▶ What you are asked to do
Everything from the line holding "Building Photo - 1330 S Red Rock St" through the last line of the records should be repeated word for word, and pictures should be omitted.

▶ Record set
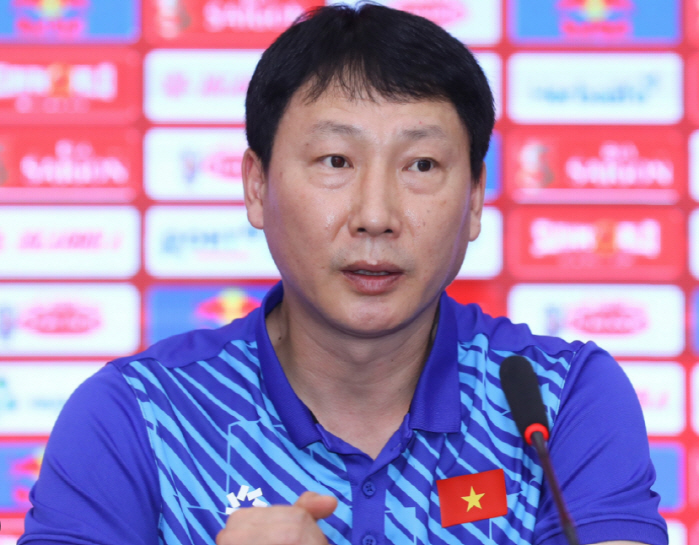 '식사마 매직' 또 통했다! "전례 없는 대기록 '100% 우승 확률' 달성"...김상식, U-23 챔피언십 우승 쾌거→"특별 전술까지 화제"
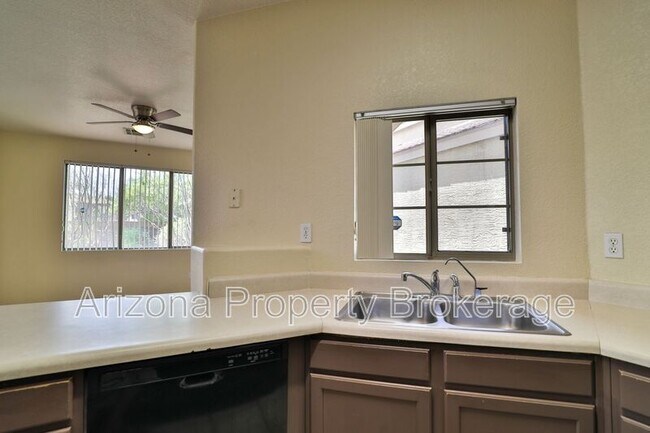 Building Photo - 1330 S Red Rock St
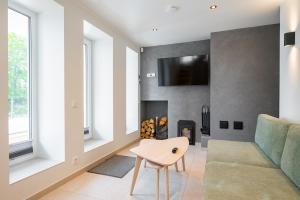 TV a/nebo společenská místnost v ubytování Kalda Villa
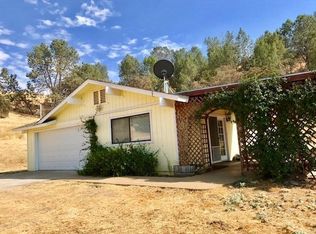 23650 Loper Valley Ln, Prather, CA 93651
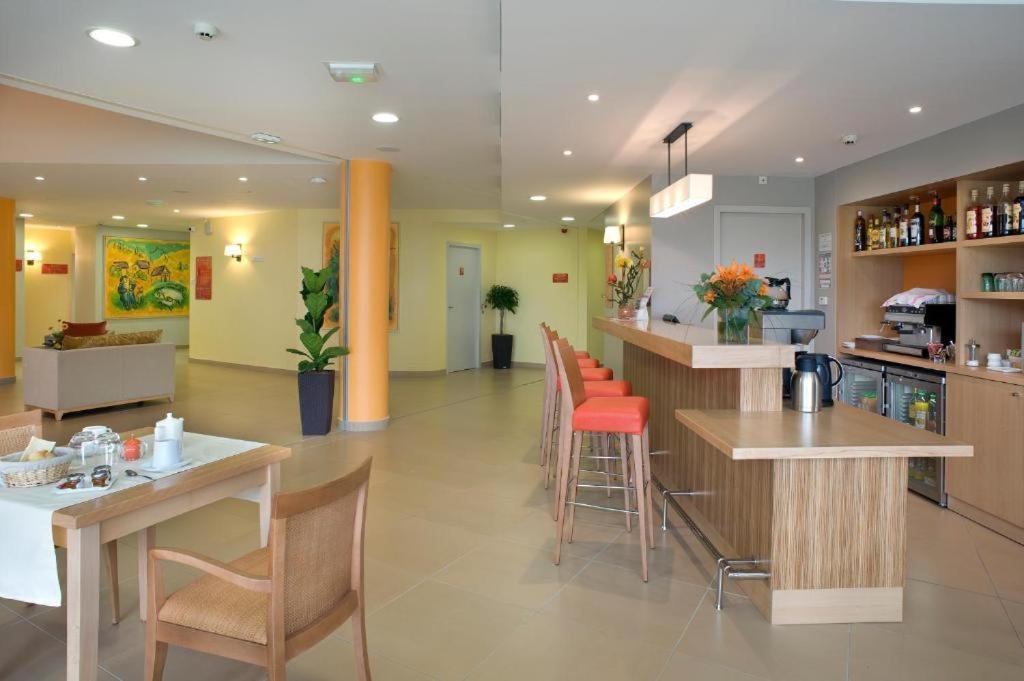 Domitys Les Cles D'Or Aparthotel Orthez Εξωτερικό φωτογραφία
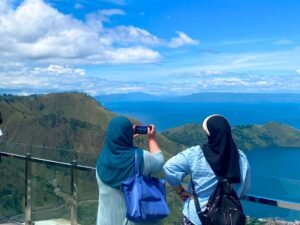 Percutian Bajet Danau Toba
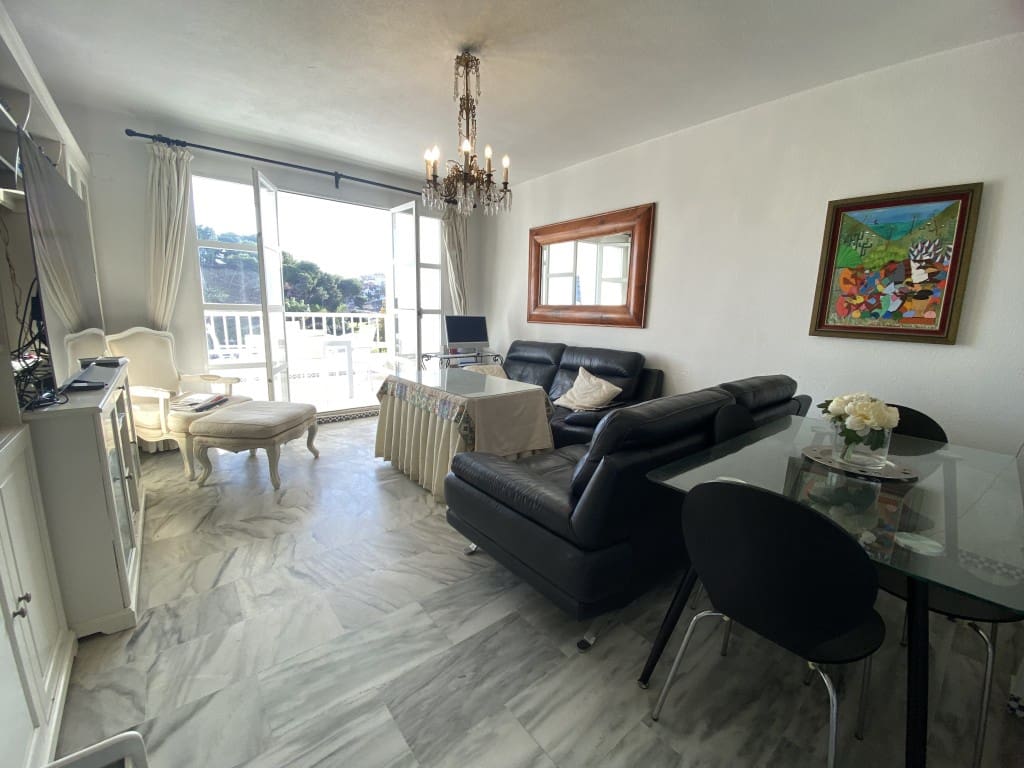 3 bedroom Apartment for sale in Fuengirola with pool - € 970,000 (Ref: 8588250)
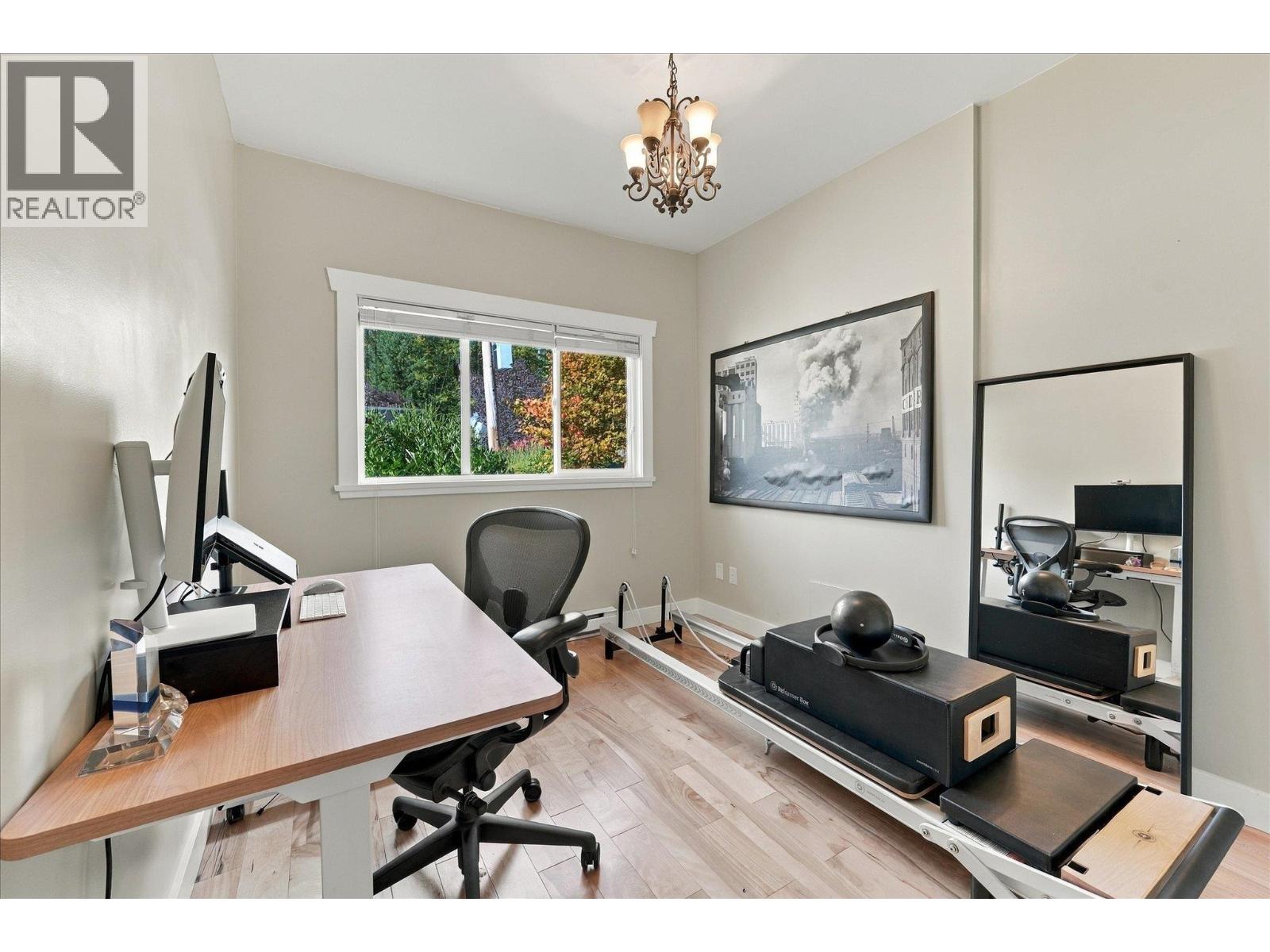 38590 Westway Avenue Property Photo 17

▶ Exercise output
 Building Photo - 1330 S Red Rock St
 TV a/nebo společenská místnost v ubytování Kalda Villa
 23650 Loper Valley Ln, Prather, CA 93651
 Domitys Les Cles D'Or Aparthotel Orthez Εξωτερικό φωτογραφία
 Percutian Bajet Danau Toba
 3 bedroom Apartment for sale in Fuengirola with pool - € 970,000 (Ref: 8588250)
 38590 Westway Avenue Property Photo 17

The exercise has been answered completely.